2008/03/20 14:19:33 DEBUG database::connect> connected!
2008/03/20 14:19:33 DEBUG database::update> update jobstate
2008/03/20 14:19:33 DEBUG database::disconnect> disconnect from mysql eah robert@buran.aei.mpg.de:24999
2008/03/20 14:19:33 DEBUG main::submit> job submission completed
-
GEO600 first creates a job description RSL for the job. When the
job has been submitted to the grid resource, the local gramws will return the
job contact EPR back to the user which is saved in the database.
-
For a simple display of the state of your job you can call contact.pl providing the
task -id=7745 on the command line:
-
perl contact.pl -config=../etc/grid-run.conf -debug -id=7745
key value
---------------------------------------------------------------------------------------
id 7745
state E
dn /O=GermanGrid/OU=AEI/CN=Robert Engel
shost buran.aei.mpg.de
suser robert
stime Thu Mar 20 14:19:33 2008
ghost supergrid.aei.mpg.de
guser engro
ehost supergrid.aei.mpg.de
etime Thu Mar 20 14:17:09 2008
ztime
proc 1
walltime 236765
gstatus Unsubmitted
gexit 0
cputime 236765
archive gsiftp://astrodata09.gac-grid.org/store/01/aei/GEO600/tasks/7745.tar
snumber 9
cnumber 7
stdout gsiftp://supergrid.aei.mpg.de/home/engro/GEO600-devel/log/7745.out
stderr gsiftp://supergrid.aei.mpg.de/home/engro/GEO600-devel/log/7745.err
log gsiftp://supergrid.aei.mpg.de/home/engro/GEO600-devel/log/7745.log
-
The debugging view contains every information needed to be certain about the
state of a GEO600 job.
-
Lets start above at the submission host buran.aei.mpg.de. The grid user known by
his distinguished name /O=GermanGrid/OU=AEI/CN=Robert Engel was using his login
robert at Thu Mar 20 14:19:33 2008 to
submit the GEO600 task with id 7745 to the grid resource
supergrid.aei.mpg.de.
-
The grid resource supergrid.aei.mpg.de accepted the job and put it into execution
using the local login engro. The execution started on the execution host
supergrid.aei.mpg.de at Thu Mar 20 14:17:09 2008 and is
utilizing one cpu core.
-
How can the job be executed prior to job submission? The problem here is the time skew between
the two machines. It is recommended to use network time protocol to keep machines
in sync, but this may not always be the case.
-
On the statistical side the number of job submissions 9 vs. the number of times
the job completed successfully 7 acts as a measure of success. The task
spent a total of 236765 secondes or almost ten days being executed.
-
The location of stdout, stderr and
the logfile always point to the actual location of these files.

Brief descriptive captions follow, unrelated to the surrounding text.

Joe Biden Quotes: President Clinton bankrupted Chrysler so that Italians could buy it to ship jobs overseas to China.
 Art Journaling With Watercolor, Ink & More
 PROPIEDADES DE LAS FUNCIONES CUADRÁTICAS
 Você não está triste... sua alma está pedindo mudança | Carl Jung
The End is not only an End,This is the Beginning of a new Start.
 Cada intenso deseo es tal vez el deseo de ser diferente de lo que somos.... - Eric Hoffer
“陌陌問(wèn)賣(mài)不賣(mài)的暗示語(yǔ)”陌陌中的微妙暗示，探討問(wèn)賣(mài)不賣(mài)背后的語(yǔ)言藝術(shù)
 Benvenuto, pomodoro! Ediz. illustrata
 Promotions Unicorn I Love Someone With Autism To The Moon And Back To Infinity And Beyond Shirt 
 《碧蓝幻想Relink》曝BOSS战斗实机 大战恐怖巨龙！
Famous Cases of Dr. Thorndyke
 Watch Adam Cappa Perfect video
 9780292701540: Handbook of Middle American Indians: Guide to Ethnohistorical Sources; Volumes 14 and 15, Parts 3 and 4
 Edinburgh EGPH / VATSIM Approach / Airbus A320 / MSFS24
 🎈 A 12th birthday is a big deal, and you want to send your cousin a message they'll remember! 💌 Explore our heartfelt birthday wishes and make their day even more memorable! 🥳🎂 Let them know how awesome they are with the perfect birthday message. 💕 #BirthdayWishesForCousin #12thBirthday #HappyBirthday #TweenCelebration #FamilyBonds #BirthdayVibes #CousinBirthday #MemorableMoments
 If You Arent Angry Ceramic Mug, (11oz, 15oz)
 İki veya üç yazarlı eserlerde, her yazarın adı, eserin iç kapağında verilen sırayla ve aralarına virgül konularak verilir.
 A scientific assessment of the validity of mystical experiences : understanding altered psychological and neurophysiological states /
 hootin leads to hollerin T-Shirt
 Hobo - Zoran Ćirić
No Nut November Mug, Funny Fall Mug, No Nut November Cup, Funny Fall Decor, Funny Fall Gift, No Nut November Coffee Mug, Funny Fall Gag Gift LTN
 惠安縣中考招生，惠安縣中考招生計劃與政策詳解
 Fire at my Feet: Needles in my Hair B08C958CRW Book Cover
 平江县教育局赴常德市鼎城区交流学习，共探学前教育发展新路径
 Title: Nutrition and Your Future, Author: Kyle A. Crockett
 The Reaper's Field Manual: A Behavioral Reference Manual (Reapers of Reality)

This can be used to stage the files for debugging purposes while the job is running:
-
globus-url-copy gsiftp://supergrid.aei.mpg.de/home/engro/GEO600-devel/log/7745.log file://buran.aei.mpg.de/tmp/7745.log
-
After the timeout has been reached the job will create an archive of its working directory
on the grid resource in GEO600-devel/tasks/7745.tar. This archive will be
staged by Globus to the specified storage resource and be deleted afterwards.
The location of stdout, stderr and the logfile previously located at the grid resource in
GEO600-devel/log will now point to their location on the output storage resource
and the task will be suspended. For details just execute:
-
perl contact.pl -config=../etc/grid-run.conf -debug -id=7745
key value
---------------------------------------------------------------------------------------
id 7745
state S
dn /O=GermanGrid/OU=AEI/CN=Robert Engel
shost buran.aei.mpg.de
suser robert
stime Thu Mar 20 14:19:33 2008
ghost supergrid.aei.mpg.de
guser engro
ehost supergrid.aei.mpg.de
etime Thu Mar 20 14:17:09 2008
ztime Thu Mar 20 14:37:15 2008
proc 1
walltime 237971
gstatus Unsubmitted
gexit 0
cputime 237971
archive gsiftp://astrodata09.gac-grid.org/store/01/aei/GEO600/tasks/7745.tar
snumber 9
cnumber 8
stdout gsiftp://buran.aei.mpg.de/store/GEO600/tasks/7745.out
stderr gsiftp://buran.aei.mpg.de/store/GEO600/tasks/7745.err
log gsiftp://buran.aei.mpg.de/store/GEO600/tasks/7745.out
-
Note how the completion number and submission number both have been increased by one. Also the
walltime increased by twenty minutes and the task is ready for resubmission at this time.